5. RAG (Retrieval-Augmented Generation)
A system that fetches relevant real documents and hands them to the model before it generates a response. Instead of relying on what the model "remembers" from training, you give it actual source material. Why you care: RAG is often the difference between a Q4 feature (unreliable) and a Q1 feature (reliable). Ask your engineers: "Are we using RAG, and what documents are we retrieving?"
RAG vs. fine-tuning: You'll also hear "fine-tuning" proposed as an alternative — training the model further on your data so the knowledge becomes baked into its weights. Fine-tuning changes how the model behaves permanently; RAG gives it access to documents at the moment of each query. Fine-tuning costs vary enormously by approach: open-source fine-tuning with LoRA/PEFT methods can cost $500–$5K; fine-tuning frontier models through provider APIs varies widely — check provider pricing pages for current rates, as costs have dropped significantly; full custom enterprise ML engagements can still run $50K–$500K+. The process typically takes days to weeks. RAG can be built in one sprint and keeps knowledge updatable. For most product decisions, start with RAG. Revisit fine-tuning if RAG hits its ceiling.

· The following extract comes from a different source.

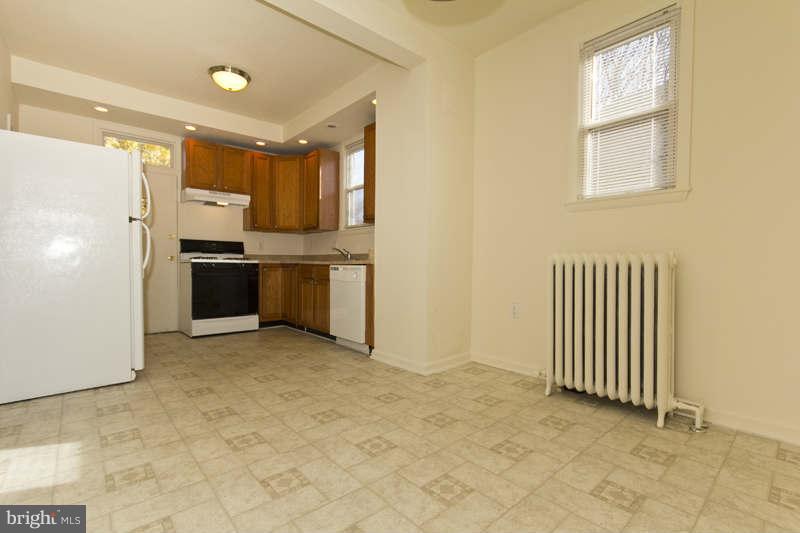 509 Kingston Road Baltimore, MD 21229 - Photo 5 of 17 a view of a kitchen with a sink and a refrigerator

Translate the engineer-speak
25 XPThe PM's checklist: before you greenlight any AI feature
Before you say "yes" to an AI feature, ask these five questions:
- Where does this sit on the quadrant? High value + low reliability = mandatory human review gate.
- What happens when it's wrong? If a wrong answer causes financial, legal, or health harm → Q4 safeguards, no exceptions.

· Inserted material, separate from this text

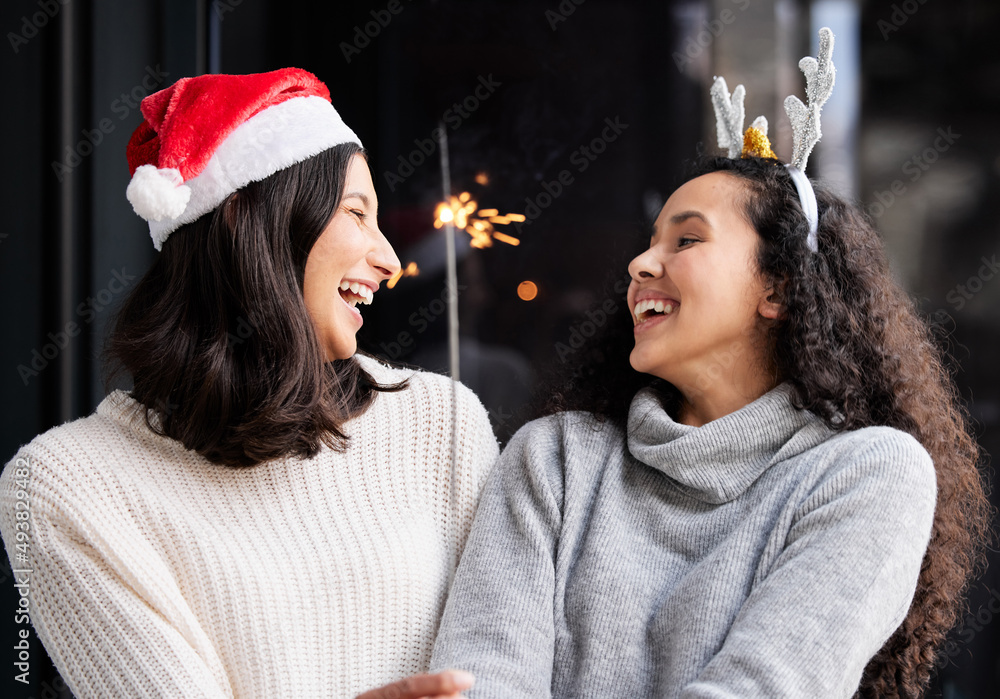 Canvas Prints I will honor Christmas in my heart, and try to keep it all the year. Shot of two friends using a sparkle stick ay home.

- Do we have an eval? If you can't measure reliability, you can't make a product decision. Commission the eval first.
- Are we using the right model tier? Not every task needs the most expensive model. Ask your engineer about model routing.
- Can reliability improve? If yes, schedule a re-evaluation in 3-6 months. Don't permanently close Q4 features — they might graduate to Q1.

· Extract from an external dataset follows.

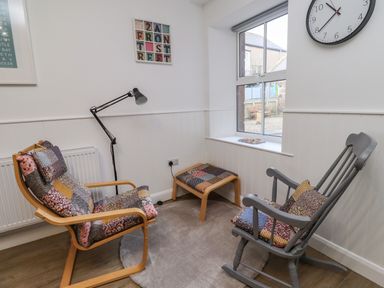 A seating area with a wooden chair, gray rocking chair, footstool, floor lamp, wall clock, and window at 2A Front Street Embleton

Back to that fintech team. Three months of damage control and $300,000 later, they added a mandatory human review gate before any AI-generated recommendation reached a customer. The product that could have launched right the first time spent six months being un-broken. The reliability quadrant would have put this feature in Q4 on day one — and saved the whole disaster.
Key takeaways
- You own the reliability decision. The PM decides which problems to put in front of an LLM — and which to keep away from it.
- Use the quadrant as a go/no-go gate. High value + low reliability = human-in-the-loop before shipping. No exceptions.
- Same model, different reliability. A model that's reliable at meeting summaries may be unreliable at financial advice. Check reliability for each specific domain.
- Unknown reliability = stop. If you can't measure it, you can't ship it. Commission an eval first.
- Q4 features can graduate. Revisit them on a cadence — better prompts, RAG, and evals can move features up the reliability axis.
Knowledge Check
1.A foundation model is described as having a 128k token context window. What does this mean for a document summarization feature you're planning?
2.What is the difference between a fine-tuned model and a RAG (retrieval-augmented generation) system? When would you choose one over the other?
3.Your engineer says the model's "temperature is set too high." What user-facing behavior would you expect to see, and why might that be a problem?
4.A PM is evaluating an AI feature that generates personalised investment recommendations. Business value is high. The engineering team says reliability in this domain is low — the model invents regulations and misreads risk profiles. According to the reliability quadrant in this module, what should the PM do?